Start of SUPPLIED DATA
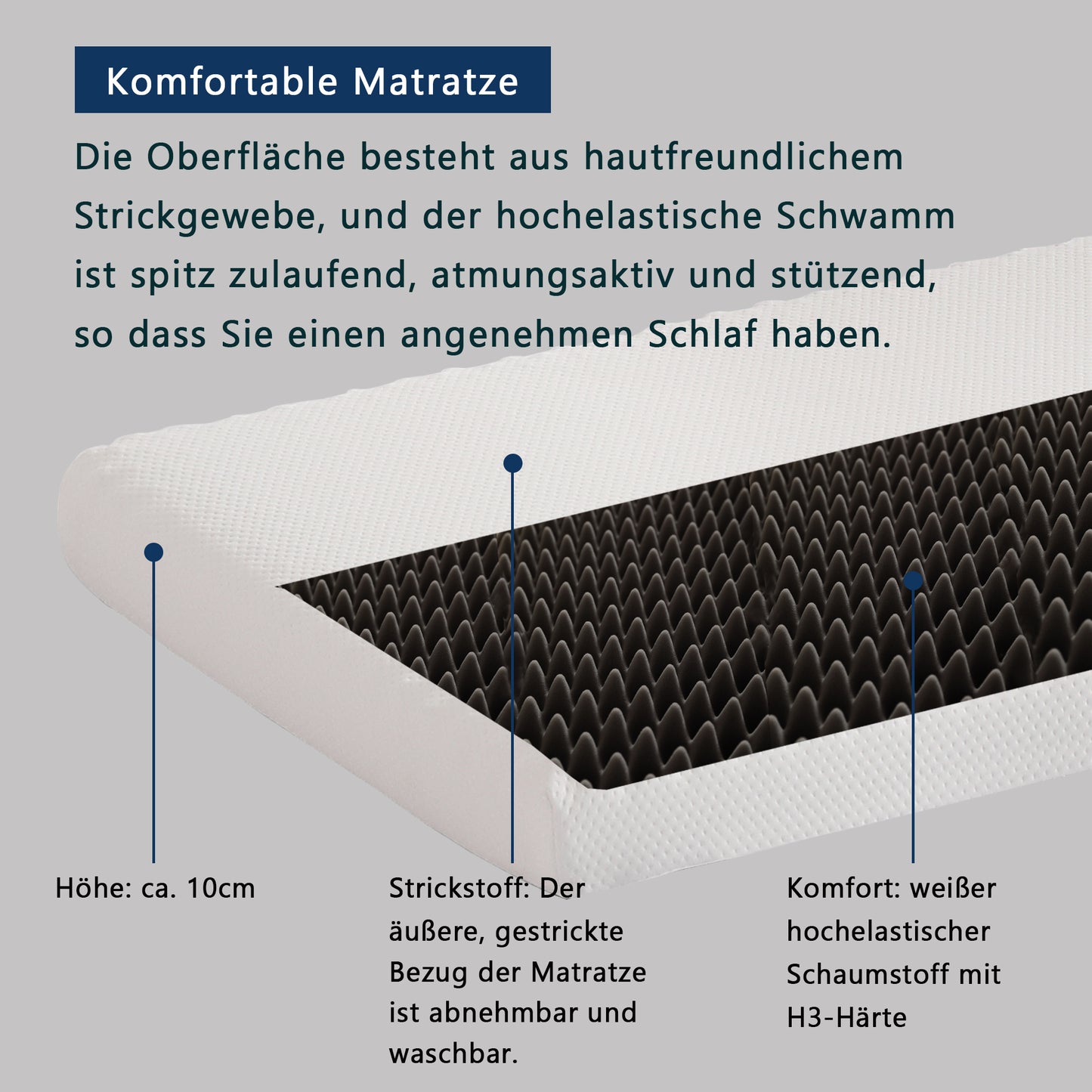 (Z)Mattress Comfortable Honeycomb Fabric Bamboo Charcoal Foam Oeko-Tex Certified Ergonomic Breathable and Durable Compression-Packed Firmness H3 White Cover + Grey 23D Foam 90x200 cm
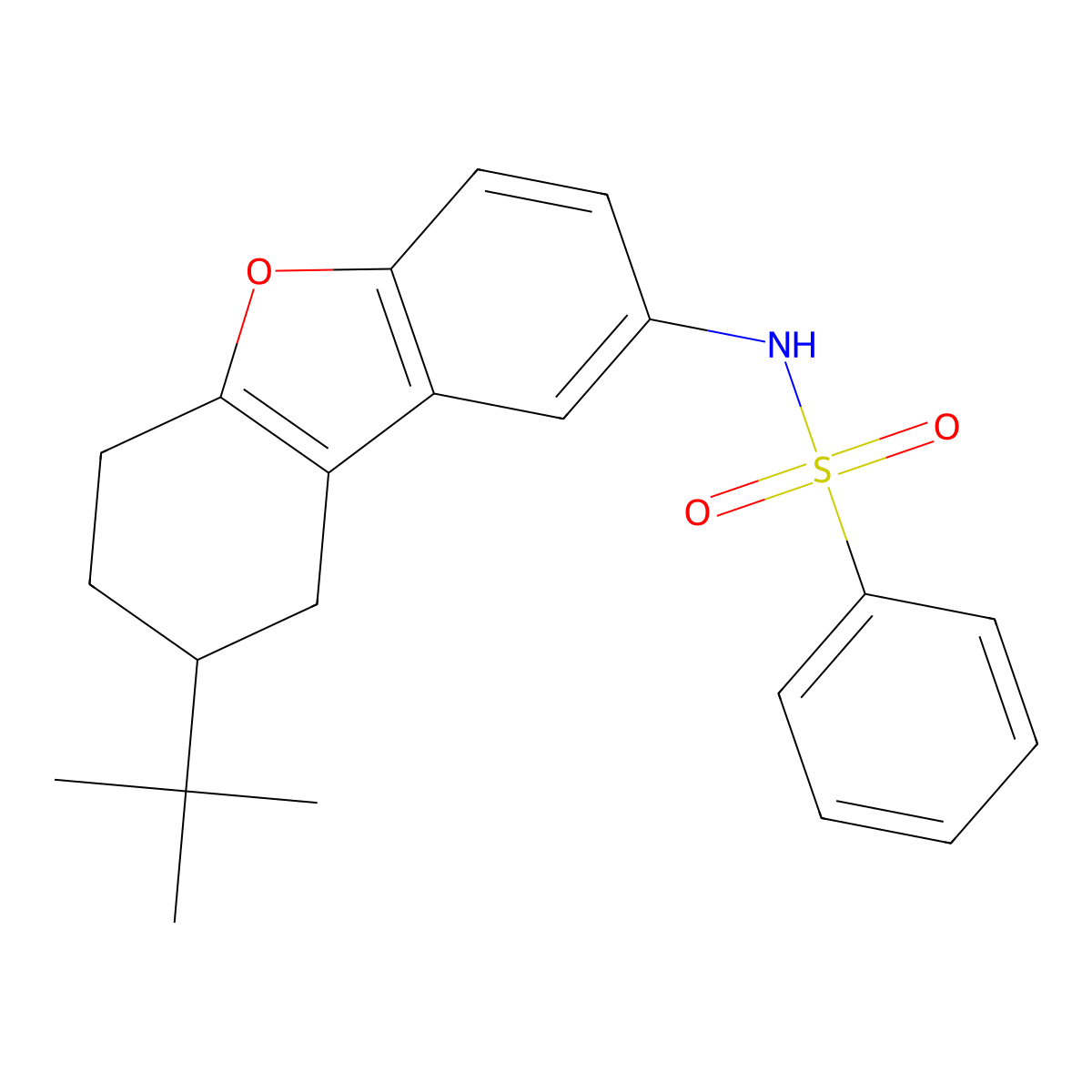 N-(8-tert-butyl-6,7,8,9-tetrahydrodibenzo[b,d]furan-2-yl)benzenesulfonamide molecular structure, CAS 406474-64-4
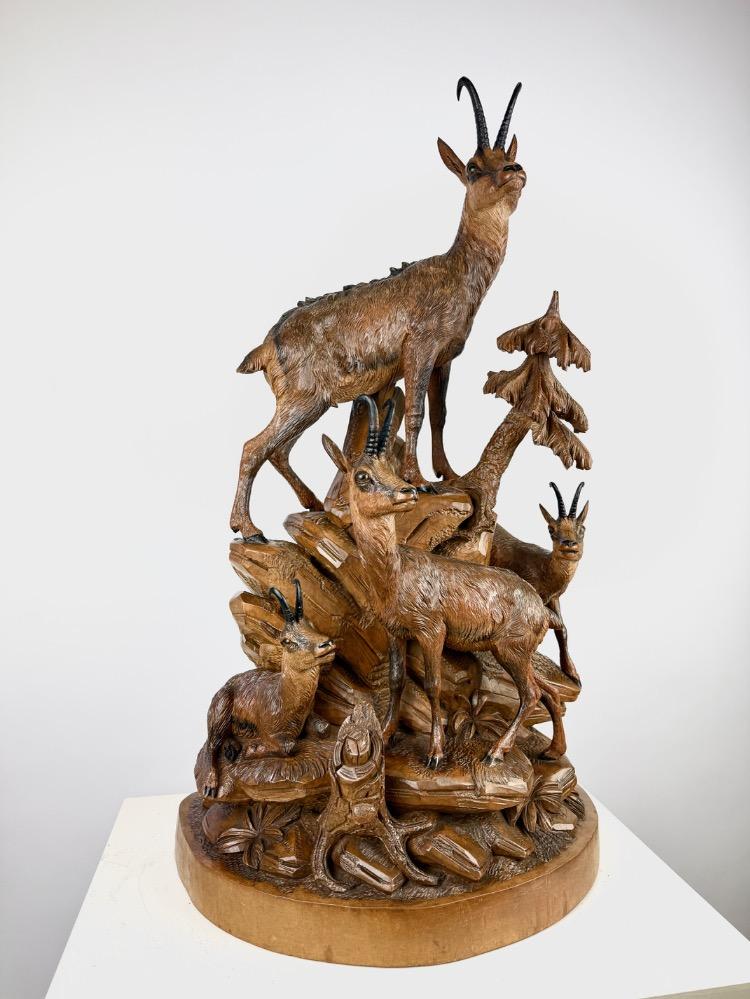 Late 19th Century Black Forest Walnut Carving – Chamois Group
End of SUPPLIED DATA
Give an exact copy of the listing, without its pictures.

 (Z)Mattress Comfortable Honeycomb Fabric Bamboo Charcoal Foam Oeko-Tex Certified Ergonomic Breathable and Durable Compression-Packed Firmness H3 White Cover + Grey 23D Foam 90x200 cm
 N-(8-tert-butyl-6,7,8,9-tetrahydrodibenzo[b,d]furan-2-yl)benzenesulfonamide molecular structure, CAS 406474-64-4
 Late 19th Century Black Forest Walnut Carving – Chamois Group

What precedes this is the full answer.